Before I happening upon the Jewish Museum, I'd been wandering through the Jewish Quarter taking pictures and marveling at the ancient stones, the narrow streets, and the sun streaming down to dramatic effect. Drawn to a particularly steep set of stairs, and reaching the top, I happened upon a  beautiful elderly white haired woman locking her door and who then turned in my direction and looked at me. I asked if I could take her picture (see pics). She then asked me if I wanted to see her house. Of course I said yes, and she unlocked the heavy door and shepherded me through what I learned was the famous  "House of Eight Mezuzahs." (According to Wikepedia - A mezuzah is affixed to the doorframe in Jewish homes to fulfill the mitzvah (Biblical commandment) to inscribe the words of the Shema "on the doorposts of your house" (Deuteronomy 6:9) ... and ..The commandment to affix a mezuzah is widely followed in the Jewish world, even by Jews who are not religiously observant.)

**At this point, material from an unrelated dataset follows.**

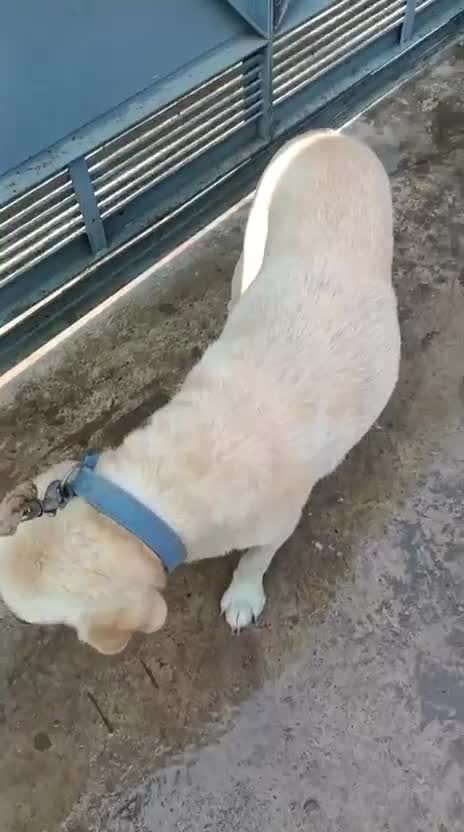 Beagle Black & Tan Puppy at a farm in Saharanpur, Uttar Pradesh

Upon setting foot in the house, I was overcome with its feeling of peace, serenity and beauty. Deeply struck, I found myself suddenly moved to tears. An unexpected sense of true connection washed over me, a connection to an authentic presence of a past where Jewish people were living in peace and tranquility before the terrible end to their lives in Girona.

I was also moved by  this lovely woman who was living her daily life in an ancient house that infused her being with its kindly aura, an aura that she then in turn fed back into its sacred space.  She  patiently walked me through the features of the house and showed me the hollow areas next to the doors where  Mezuzahs had once been placed, and the well with its dated inscription, 1496 indicating that the owners lived on there even after the edict of expulsion. Eventually all Jews were expelled from Girona and the streets of the Quarter were walled off from the rest of the city until it was again restored centuries later.

I finally located the Jewish Museum and spoke about my experience with the elderly woman to the young woman behind the admission desk.  I learned that Rosa is the name of the woman who lives in the House of Eight Mezuzahs, and  that she's very cooperative with the museum. We agreed that I was very lucky to get that special invitation.

When I travel, I've a sense of why and what I'll want to do along the way. It's to make art, visit with friends, make new friends and to leave space for the unexpected. It is in the unexpected where the gift of a journey lies. Somewhere along the way, as in India last year, I've been fortunate in receiving such a gift. Last year during a mask/story workshop in Mumbai to children of prostitutes and women saved from trafficking, I'd asked the children to give their mask qualities they wanted in their adult life. After many performed mask tales that spoke of  career aspirations, one boy about 15 years old said he realized now that he could do anything in life. He spoke again, saying he would never forget that day.  I knew then that he was my reason for being in India. On this my third trip to Spain, I'd never before thought to visit an old Jewish Quarter. Yesterday in Girona, I understood that I will never forget the gift from  Rosa on that day.

And now the pics:


  1. Thanks so much for this posting. I was in Girona a few years ago and absolutely loved it. Girona also figures in my novel about the modern-day descendents of Catalonia's crypto-Jews, "Terra Incognita." I was intrigued by your visit to the House of the Eight Mezuzahs - which of the above pictures is the house?